An unseasonal cool change and dramatic wet weather event brought heavy rain, severe thunderstorms and damaging winds to SA this weekend.
More than 20,000 lightning bolts hit the state while wind gusts of more than 100km/h raged.
The event made for the wettest December day in 75 years in Cleve, on SA’s Central Eyre Peninsula, with 55mm falling in the 24 hours to 9am on Sunday. It caused the nearby Yeldulknie Weir to overflow for the first time in nearly 30 years.
Kimba received 47mm, its heaviest December rainfall in 61 years, while Mount Ive saw 51.2mm, breaking a 53-year-old December rainfall record.
Minlaton, Noarlunga and Edithburg received 47.8mm, 40mm and 36.8mm respectively, all of which broke December rainfall records that were more than 20 years old. For Wudinna in western SA, the event set a historic record of 48.6mm received in one day — the largest single-day deluge since that meter opened in 1999.
While the totals mightn’t sound like much in other parts of the country, they’re notable because SA is usually dry at this time of year.
“By the end of [Sunday], it’s anticipated that some of these places will have received more than 100mm of rainfall, and while that’s not a lot for some parts of Australia, it’s typically dry in SA,” Bureau of Meteorology meteorologist Angus Hines said.

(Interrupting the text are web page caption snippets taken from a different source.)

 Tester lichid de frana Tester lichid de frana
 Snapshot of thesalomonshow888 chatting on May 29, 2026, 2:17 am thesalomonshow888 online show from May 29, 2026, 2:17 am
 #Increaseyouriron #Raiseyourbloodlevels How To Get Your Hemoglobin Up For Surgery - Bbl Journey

“A lot of places [that are] expected to receive between 50 and 100mm of rain only average about 20mm over the course of a typical December, so that’s double or triple what they normally get.”

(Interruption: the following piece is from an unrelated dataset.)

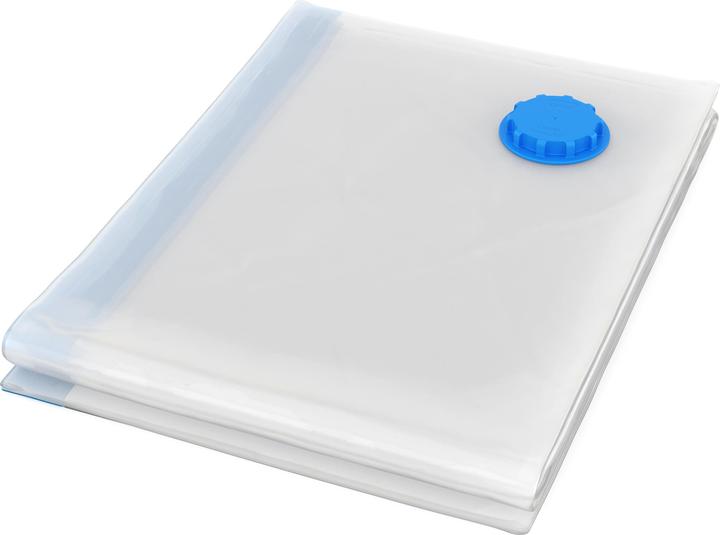 Image du produit Novidarte Sacs de rangement sous vide XXL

Adelaide, for instance, received double its average monthly rainfall for December in a single day. More than 50mm of rain fell on the city on Saturday, trampling its December average of 25.9mm, according to the BOM.
The region was also battered by strong winds.

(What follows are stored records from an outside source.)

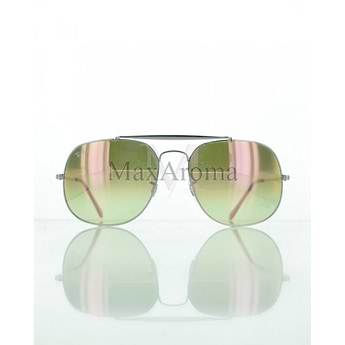 RB 3561 Sunglasses 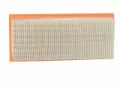 Imagen de Filtro de Aire PA5566 Para Ford Five Hundred 2005-2007, Ford Freestyle 2005-2007, Mercury Montego 2005-2007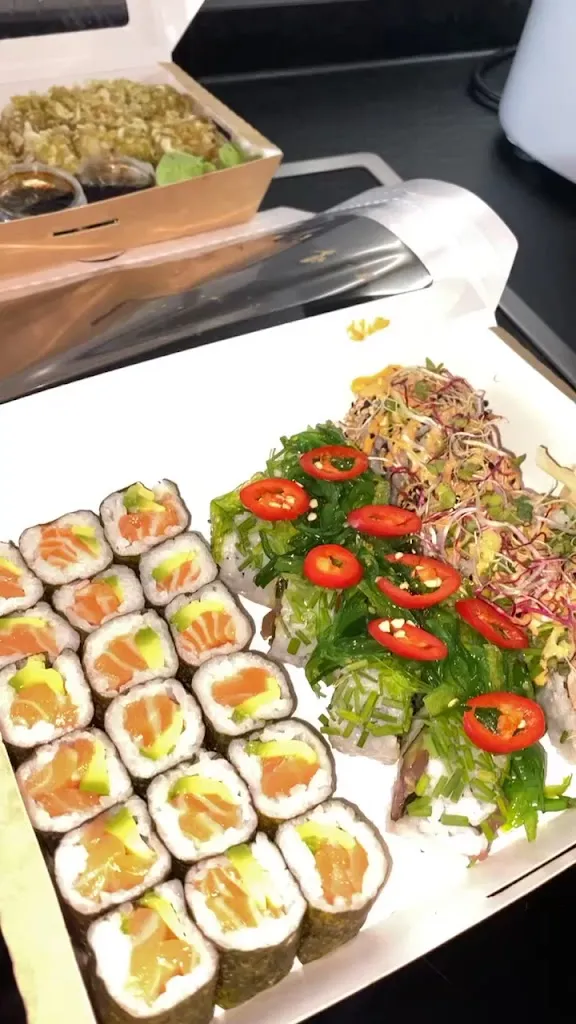 Bamboo Box_Erftstadt_slider_image_2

Cape Borda recorded severe gusts of up to 104km/h on Monday morning, while Stenhouse Bay recorded 87 km/h and Cape Willoughby, 81 km/h.
South-easterly winds are “notoriously damaging” for parts of the Mount Lofty Ranges and Adelaide Hills, according to Weatherzone.
“When a low-level inversion forms, such as during a cold day and night like Sunday, south-easterly winds get squeezed between the ground and the inversion like a wind tunnel, amplifying the winds over the region,” Weatherzone meteorologists explained.
More than 900 calls were made to State Emergency Services in SA over the weekend as the wild weather destabilised trees and powerlines.
In Marryatville in Adelaide’s east, a 50 tonne gum tree flattened a family home. Local resident Glynn was inside the home at the time but escaped uninjured.
“I mean it’s pretty devastating, first we’re pretty glad that Dad is OK,” Glynn’s daughter, Hannah, told Channel 9.
More than 30,000 properties lost power while some schools were shuttered on Monday.
The rain also drove bushfire warnings, with an extreme fire danger warning in place for the Murraylands district on Monday.
“Hot and unstable conditions with fresh and gusty southeast to north-easterly winds shifting west to north-westerly with the passage of a trough,” the BOM explained.
“Thunderstorms are expected with strong and erratic outflow winds and the risk of damaging wind gusts and heavy falls.”
A severe thunderstorm warning remains in place for southeast SA, with the rain band and low pressure system expected to linger for several more days.
Flash flooding is possible in locations including Lameroo, Meningie, Karoonda, Berri, Tailem Bend and Coonalpyn, the BOM said.